● **Problem requirements**: Return exactly the lines from the one containing "Person carrying a plank of food" through the last line of the records below, both included, and leave out any pictures.

[Stored items]
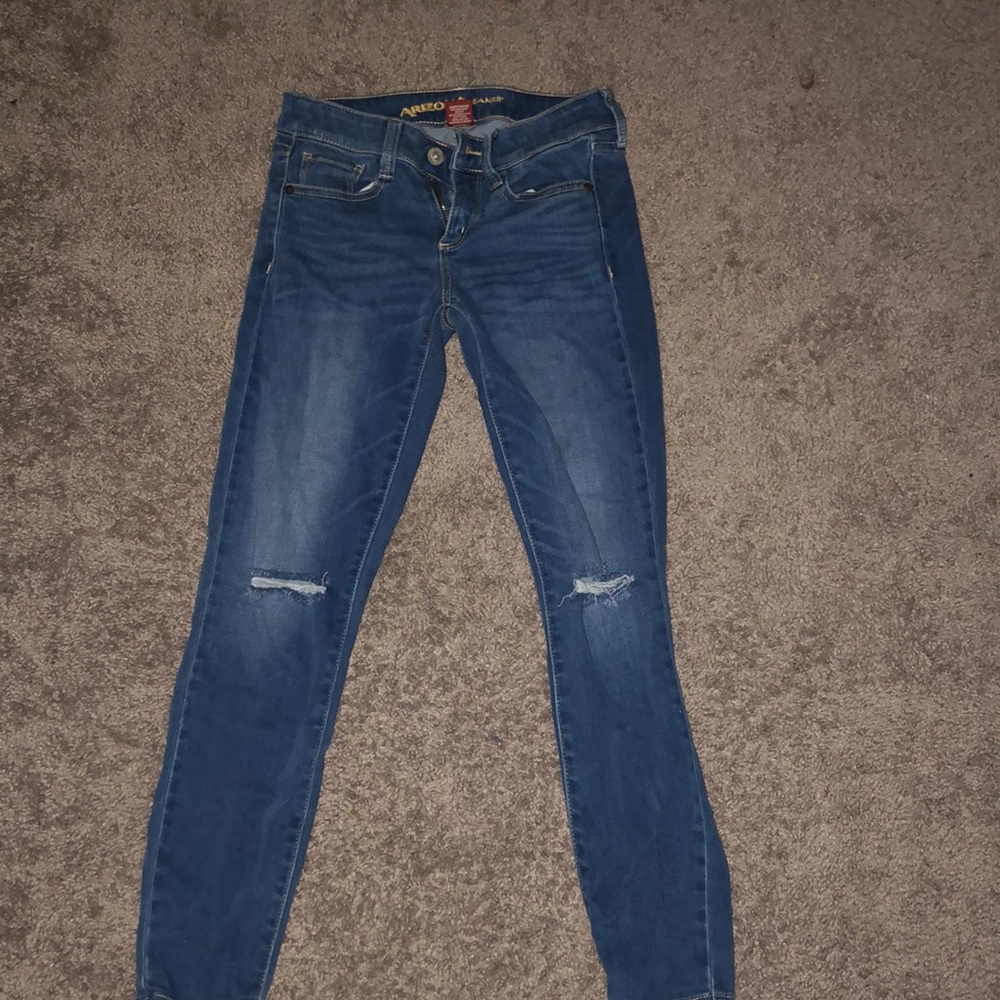 Ripped at the knee blue jeans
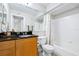 Bathroom featuring a vanity with a dark countertop, mirror, and bathtub shower at 3301 Haviland Ct # 203, Palm Harbor, FL 34684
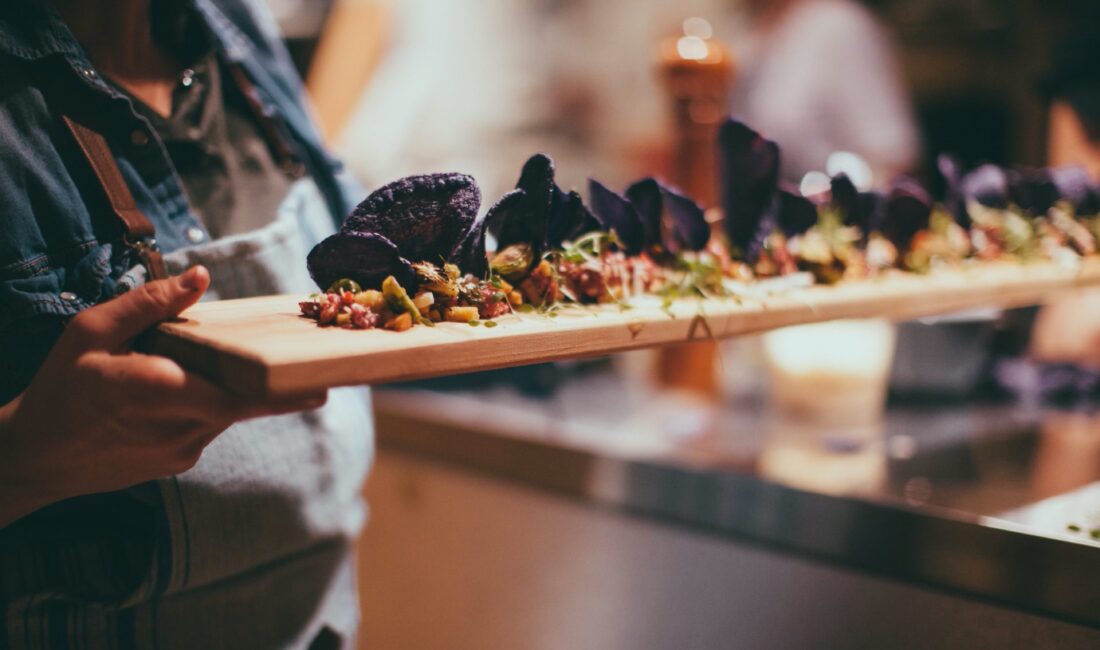 Person carrying a plank of food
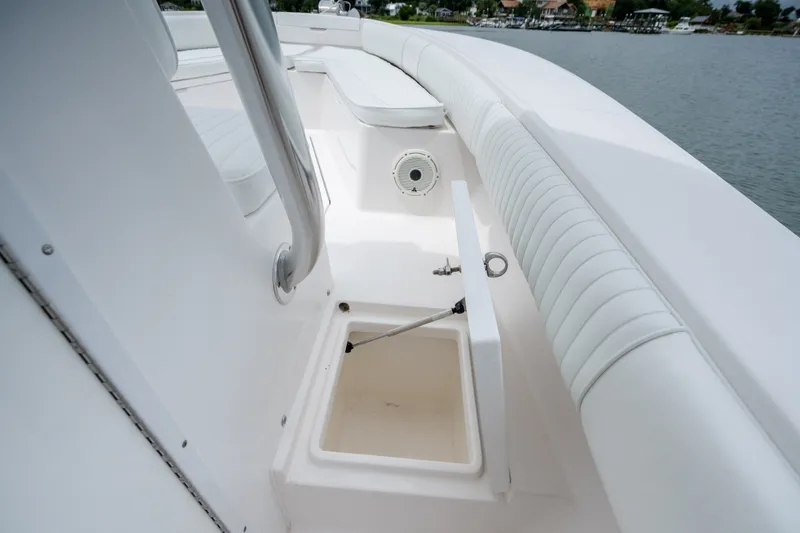 Slide: The Image of 2008 Regulator 29 Forward Seating boat interior with open storage compartment. - 34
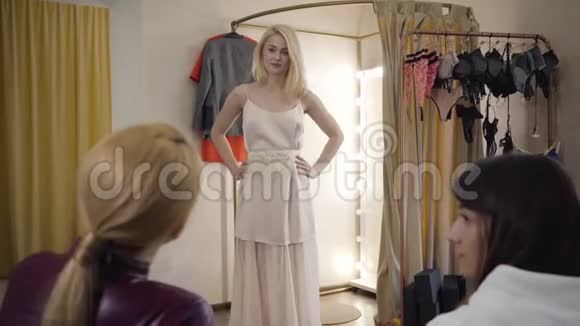 年轻的金发白种人的肖像穿着新的米色连衣裙向朋友展示服装支持女孩的后景视频的预览图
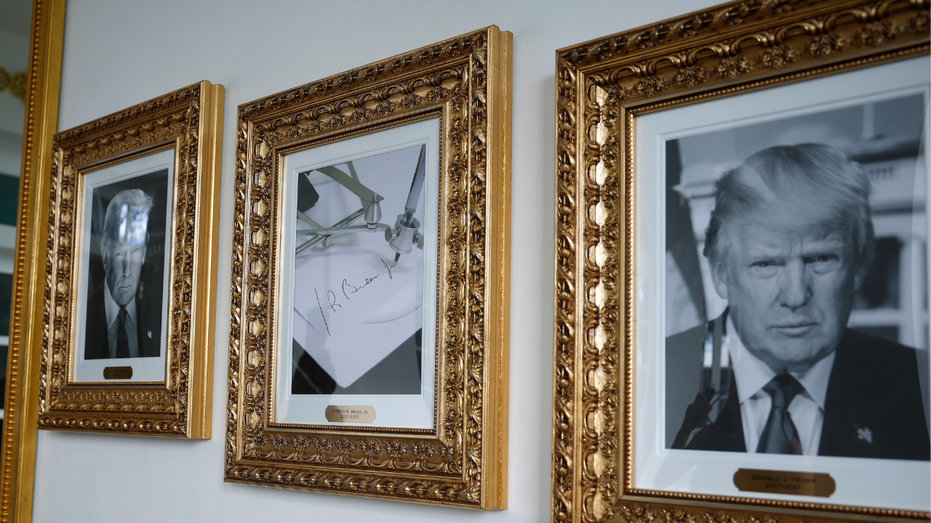 Framed portraits on the wall of the colonnade outside of the Oval Office at the White House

● **Answer for this exercise**:
 Person carrying a plank of food
 Slide: The Image of 2008 Regulator 29 Forward Seating boat interior with open storage compartment. - 34
 年轻的金发白种人的肖像穿着新的米色连衣裙向朋友展示服装支持女孩的后景视频的预览图
 Framed portraits on the wall of the colonnade outside of the Oval Office at the White House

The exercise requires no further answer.